Stop Trying to Emulate SQL OFFSET Pagination with Your In-House DB Framework!

I’m pretty sure you’ve gotten it wrong in numerous ways, so far. And you probably won’t get it right any time soon. So why waste your precious time on SQL tweaking, when you could be implementing business logic?

Let me explain…

It hasn’t been until the recent SQL:2008 standard that what MySQL users know as LIMIT .. OFFSET was standardised into the following simple statement:

SELECT * 
FROM BOOK 
OFFSET 2 ROWS 
FETCH NEXT 1 ROWS ONLY

Yes. So many keywords.

SQL is indeed a very verbose language. Personally, we really like the conciseness of MySQL’s / PostgreSQL’s LIMIT .. OFFSET clause, which is why we chose that for the jOOQ DSL API

In SQL:

SELECT * FROM BOOK LIMIT 1 OFFSET 2

In jOOQ:

select().from(BOOK).limit(1).offset(2);

Now, when you’re a SQL framework vendor, or when you’re rolling your own, in-house SQL abstraction, you might think about standardising this neat little clause. Here’s a couple of flavours from databases that natively support offset pagination:

-- MySQL, H2, HSQLDB, Postgres, and SQLite
SELECT * FROM BOOK LIMIT 1 OFFSET 2

-- CUBRID supports a MySQL variant of the 
-- LIMIT .. OFFSET clause
SELECT * FROM BOOK LIMIT 2, 1

-- Derby, SQL Server 2012, Oracle 12, SQL:2008
SELECT * FROM BOOK 
OFFSET 2 ROWS FETCH NEXT 1 ROWS ONLY

-- Ingres. Eek, almost the standard. Almost!
SELECT * FROM BOOK 
OFFSET 2 FETCH FIRST 1 ROWS ONLY

-- Firebird
SELECT * FROM BOOK ROWS 2 TO 3

-- Sybase SQL Anywhere
SELECT TOP 1 ROWS START AT 3 * FROM BOOK

-- DB2 (without OFFSET)
SELECT * FROM BOOK FETCH FIRST 1 ROWS ONLY

-- Sybase ASE, SQL Server 2008 (without OFFSET)
SELECT TOP 1 * FROM BOOK

So far, so good. These can all be handled. Some databases put offsets before limits, others put limits before offsets, and the T-SQL family puts the whole TOP clause before the SELECT list. This is easy to emulate. Now what about:

  • Oracle 11g and less
  • SQL Server 2008 and less
  • DB2 with OFFSET

(note that you can enable various alternative syntaxes in DB2)

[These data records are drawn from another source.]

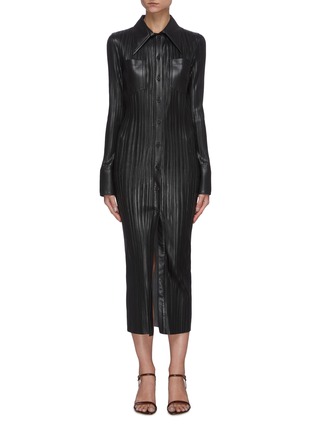 Main View - Click To Enlarge - NANUSHKA - 'Adrie' pleated collar long sleeve vegan leather dress
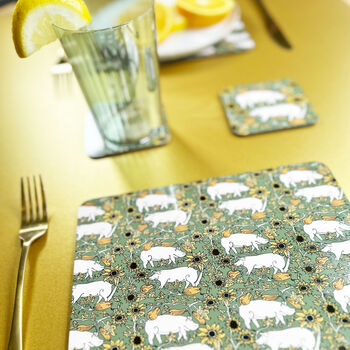 The Green Country Pig Set Of Four Placemats, 3 of 3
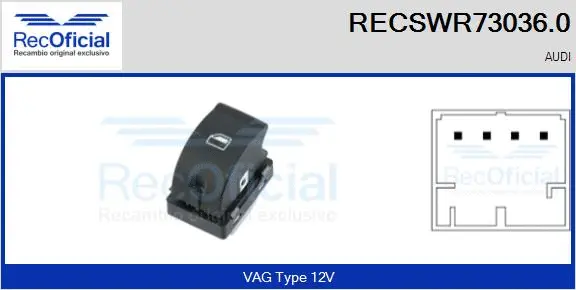Switch, window regulator (RECSWR73036.0)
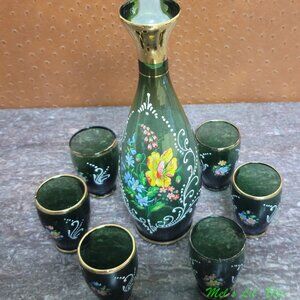 Vintage Murano Glass Decanter And Glasses Set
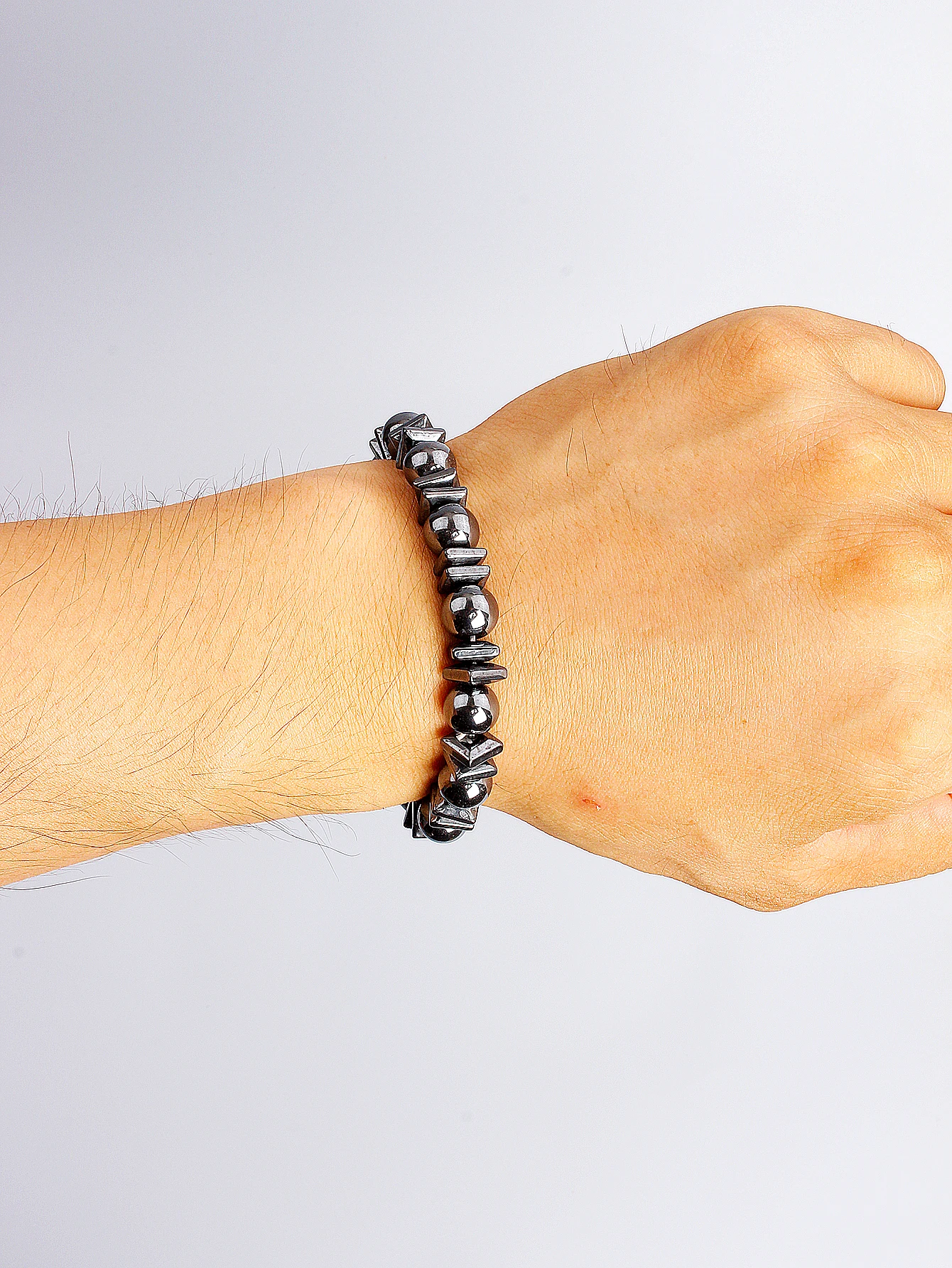 Hematite Bracelet Natural Stone Beaded with Hematite Beads & Chips for Vigour & Protection & Strength & Grounding Unisex Jewelry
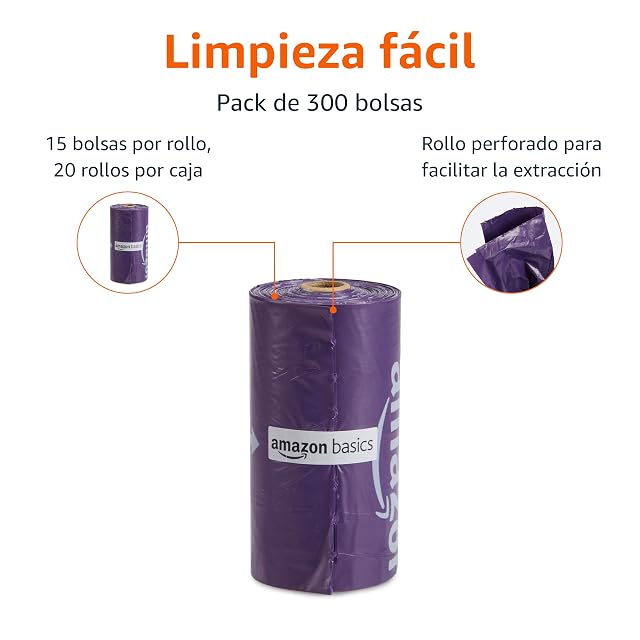 Foto 2 de 4 de Amazon Basics Bolsa de basura para perros sin dispensador, lavanda, 300 Bolsas (20 paquetes de 15 bolsas)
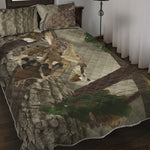 Oak Tree Hunting Camouflage Print Quilt Bed Set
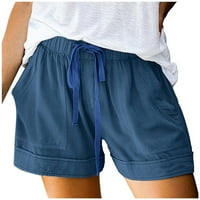 Iopqo kratke hlače za ženske kratke hlače Ženske spajanje Comfy struk hlače hlače labave elastične džepove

When you google for this, you will find millions of ways to emulate OFFSET .. FETCH in those older databases. The optimal solutions always involve:

  • Using doubly-nested derived tables with ROWNUM filtering in Oracle
  • Using single-nested derived tabels with ROW_NUMBER() filtering in SQL Server and DB2

So you’re emulating it.

Do you think you will get it right?

;-)

Let us go through a couple of issues that you may not have thought about.

First off, Oracle. Oracle obviously wanted to create a maximum vendor-lockin, which is only exceeded by Apple’s recent introduction of Swift. This is why ROWNUM solutions perform best, even better than SQL:2003 standard window function based solutions. Don’t believe it? Read this very interesting article on Oracle offset pagination performance.

So, the optimal solution in Oracle is:

-- PostgreSQL syntax:
SELECT ID, TITLE 
FROM BOOK 
LIMIT 1 OFFSET 2

-- Oracle equivalent:
SELECT *
FROM (
  SELECT b.*, ROWNUM rn
  FROM (
    SELECT ID, TITLE
    FROM BOOK
  ) b
  WHERE ROWNUM <= 3 -- (1 + 2)
)
WHERE rn > 2

So that’s really the equivalent?

Of course not. You’re selecting an additional column, the rn column. You might just not care in most cases, but what if you wanted to make a limited subquery to be used with an IN predicate?

-- PostgreSQL syntax:
SELECT *
FROM BOOK
WHERE AUTHOR_ID IN (
  SELECT ID
  FROM AUTHOR
  LIMIT 1 OFFSET 2
)

-- Oracle equivalent:
SELECT *
FROM BOOK
WHERE AUTHOR_ID IN (
  SELECT * -- Ouch. These are two columns!
  FROM (
    SELECT b.*, ROWNUM rn
    FROM (
      SELECT ID
      FROM AUTHOR
    ) b
    WHERE ROWNUM <= 3
  )
  WHERE rn > 2
)

So, as you can see, you’ll have to do some more sophisticated SQL transformation. If you’re manually emulating LIMIT .. OFFSET, then you might just patch the ID column into the subquery:

SELECT *
FROM BOOK
WHERE AUTHOR_ID IN (
  SELECT ID -- better
  FROM (
    SELECT b.ID, ROWNUM rn -- better
    FROM (
      SELECT ID
      FROM AUTHOR
    ) b
    WHERE ROWNUM <= 3
  )
  WHERE rn > 2
)

So, that’s more like it, right? But since you’re not writing this manually every time, you’re about to start creating your own nifty in-house SQL framework covering the 2-3 use cases that you’ve encountered so far, right?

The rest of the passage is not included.